Everyone is on social media these days, including your employees. If employee social media use goes unmanaged, it can cause serious problems for your company. Applying these do's and don'ts will help you manage social media use in an effective, responsible, and compliant manner.

1. Do: Have a Plan to Manage Employee Social Media Use

Employers must have a plan on how to manage social media use in the workplace. Failing to do so can have serious consequences. Employers can be held vicariously liable for legal and regulatory liability arising out of their employees' social media use, such as for an employee's defamatory, discriminatory, or harassing social media message, comment, or tweet. Companies are also exposed to employee leaks of sensitive company or customer information, or for the improper use of the employer's intellectual property and trade secrets. These risks exist regardless of whether the employee commits the offense at the office using company-owned computer resources or at home using their personal social media accounts, since they are often identified as an employee of the company in their social media profile. So having a plan to manage employee social media use is essential.

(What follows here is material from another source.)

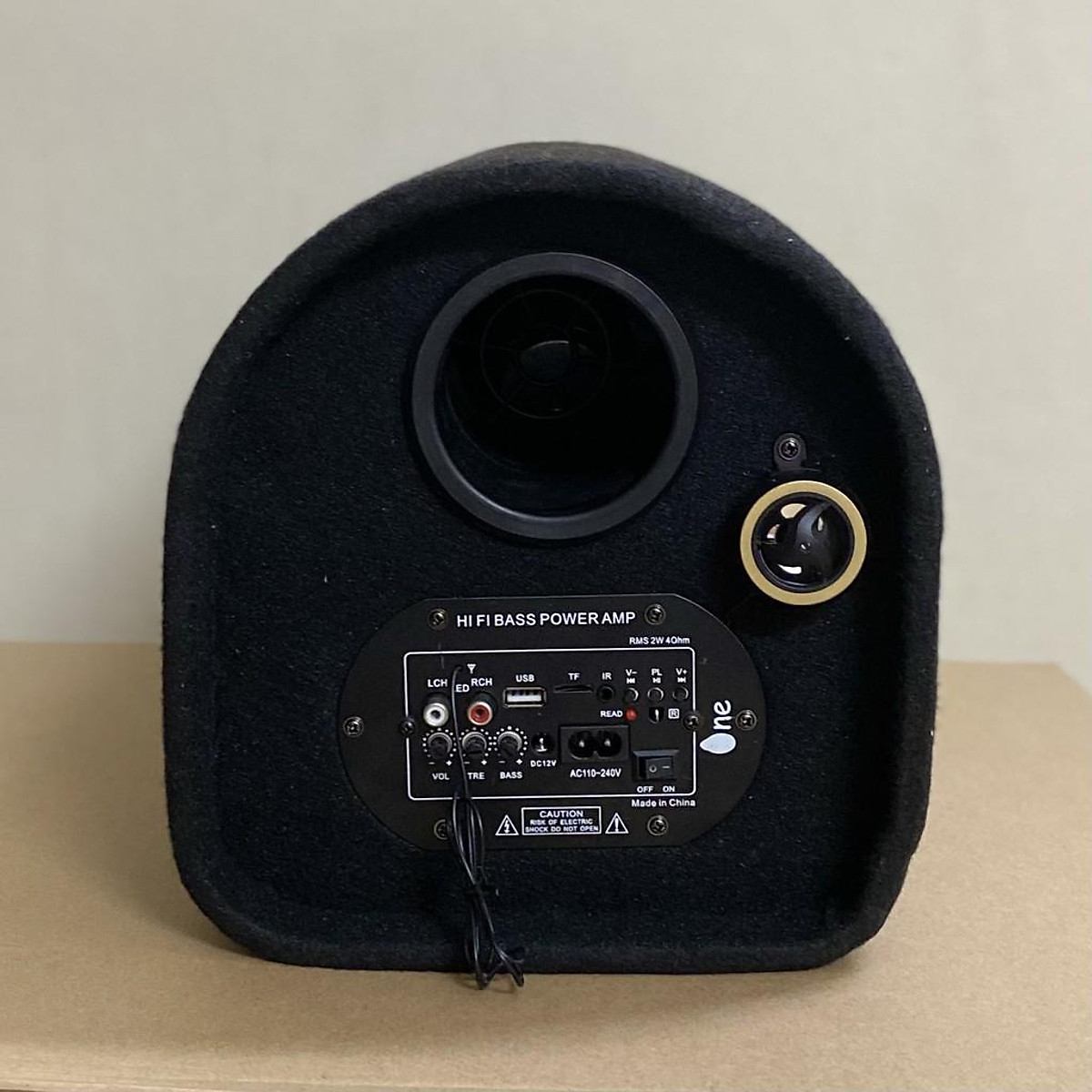 Loa CROWN 8 đế có bluetooth ( Hàng Chính Hãng )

2. Don't: Simply Fire or Discipline an Employee for their Social Media Posts without Ensuring the Basis is Sound

Many employers do not realize that certain employee social media activity is protected against employer retaliation in the United States. Generally speaking, Section 7 of the National Labor Relations Act protects two or more employees who act together online to improve their terms and conditions of employment. Employees have a protected right to seek help from third parties on social media regarding their working conditions, including conversations with fellow employees and the press. An employer violates Section 8(a)(1) of the National Labor Relations Act (NLRA) if it interferes, restrains, or coerces employees in the exercise of their rights guaranteed in Section 7. An employer may unlawfully interfere with its employees' Section 7 rights by disciplining or terminating an employee for engaging in protected activities, threatening to sue employees for engaging in protected activities, or discharging an employee to prevent future employee discussions of terms and conditions of their employment.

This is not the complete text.